Could you transcribe every record below exactly, leaving out the pictures?

Top of DATA FOR THIS TASK

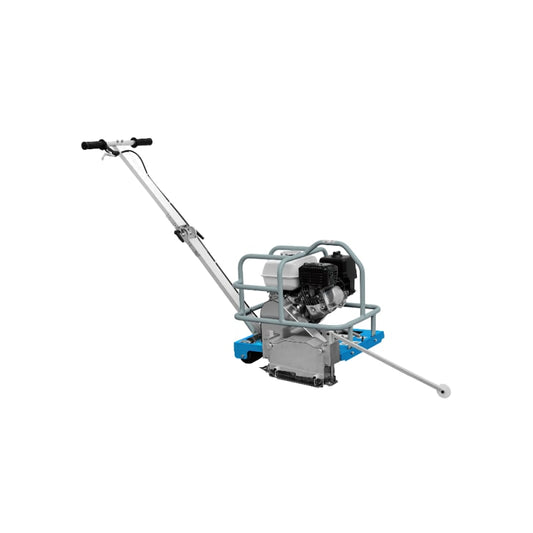 Bt Early Entry Saw 6 In Gx120 Polyurethane Wheels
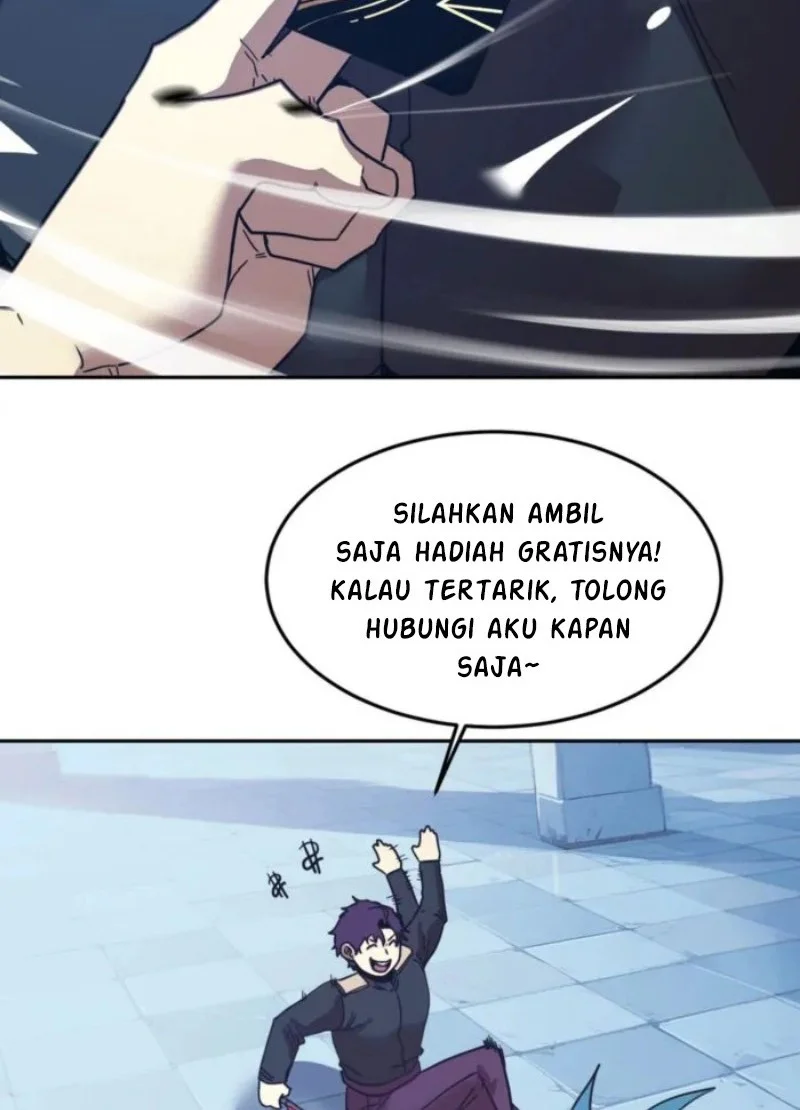 Apex Future Martial Arts Chapter 277 Gambar 5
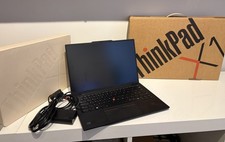 Lenovo thinkpad carbon gen - lenovo, x1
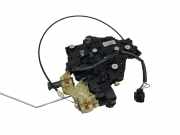 Verriegelung Tür rechts VW CADDY III Furgon (2KA, 2KH, 2CA, 2CH) 1.9 TDI 2K0843654BB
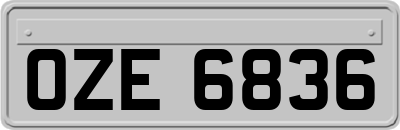 OZE6836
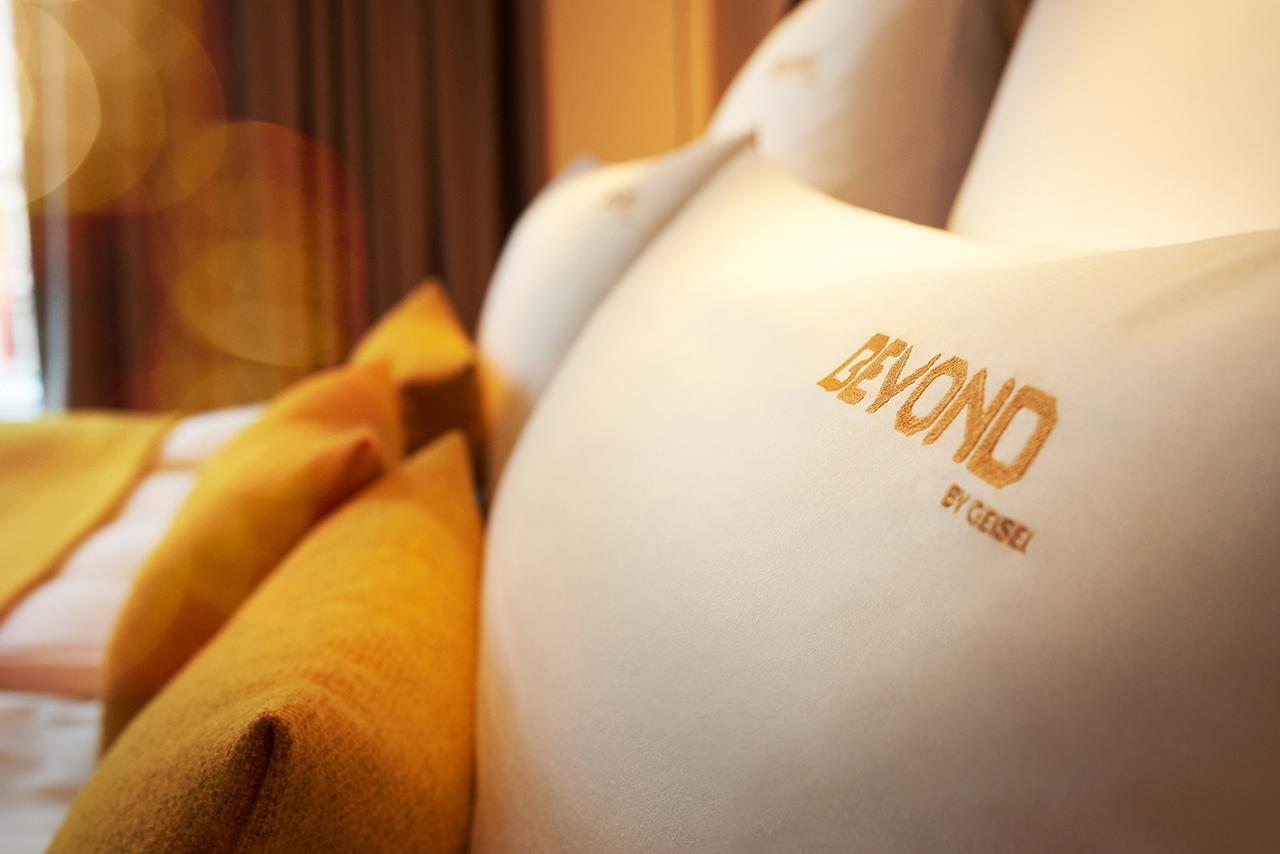 Beyond By Geisel (adults Only) Hotel Munich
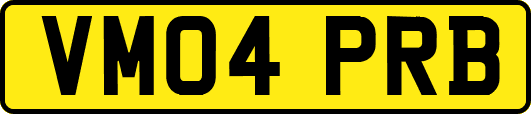 VM04PRB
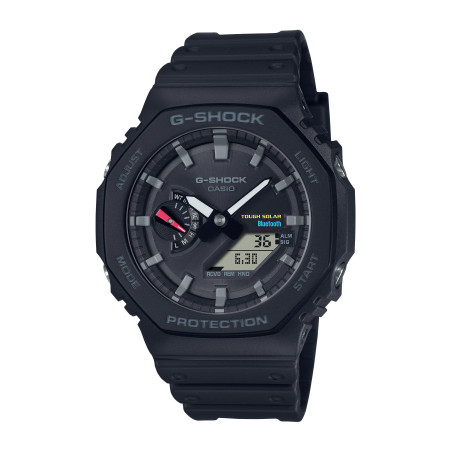 Zegarek Casio G-Shock GA-B2100-1AER Męski - JubilerSezam.pl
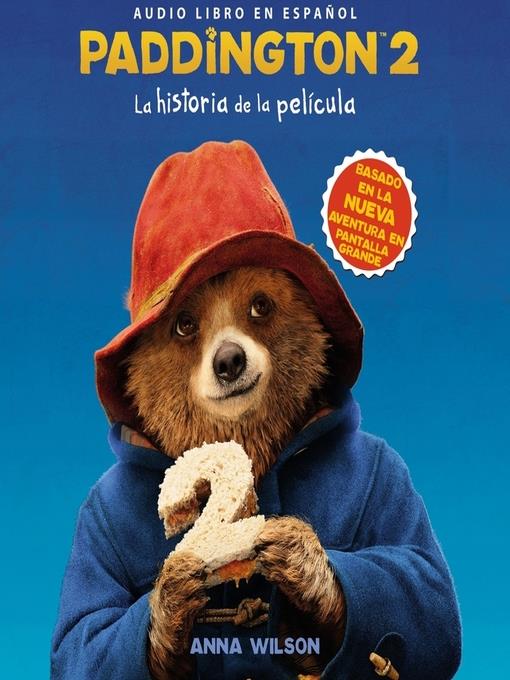 Paddington 2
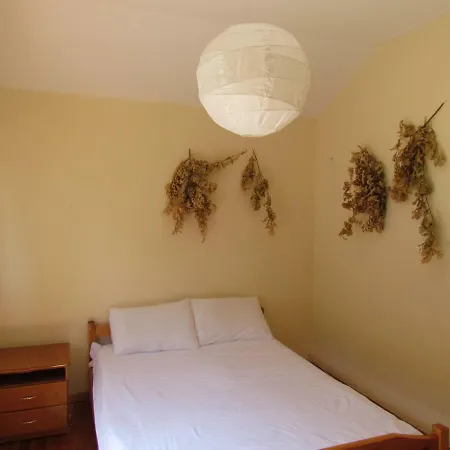 Hotel Hotel Germenji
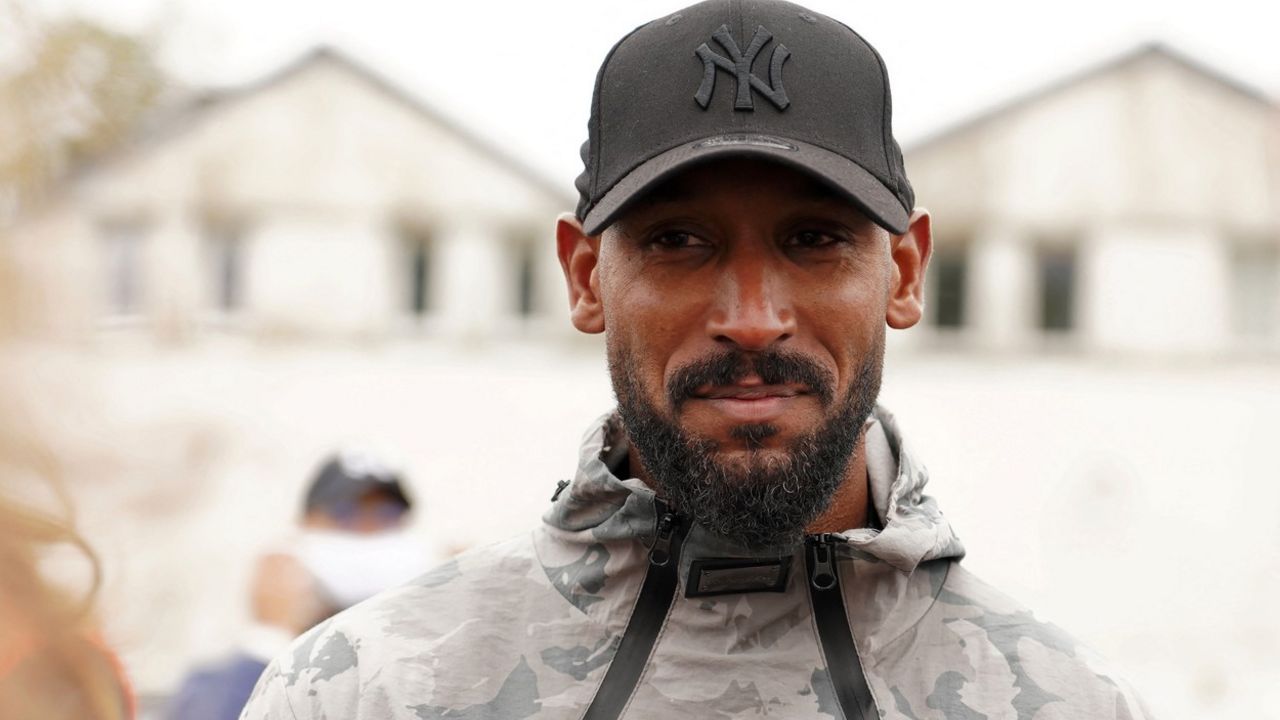 Nikolas Anelka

Bottom of DATA FOR THIS TASK

**RESPONSE AREA:**
 Bt Early Entry Saw 6 In Gx120 Polyurethane Wheels
 Apex Future Martial Arts Chapter 277 Gambar 5
 Lenovo thinkpad carbon gen - lenovo, x1
 Verriegelung Tür rechts VW CADDY III Furgon (2KA, 2KH, 2CA, 2CH) 1.9 TDI 2K0843654BB
 OZE6836
 Beyond By Geisel (adults Only) Hotel Munich
 VM04PRB
 Zegarek Casio G-Shock GA-B2100-1AER Męski - JubilerSezam.pl
 Paddington 2
 Hotel Hotel Germenji
 Nikolas Anelka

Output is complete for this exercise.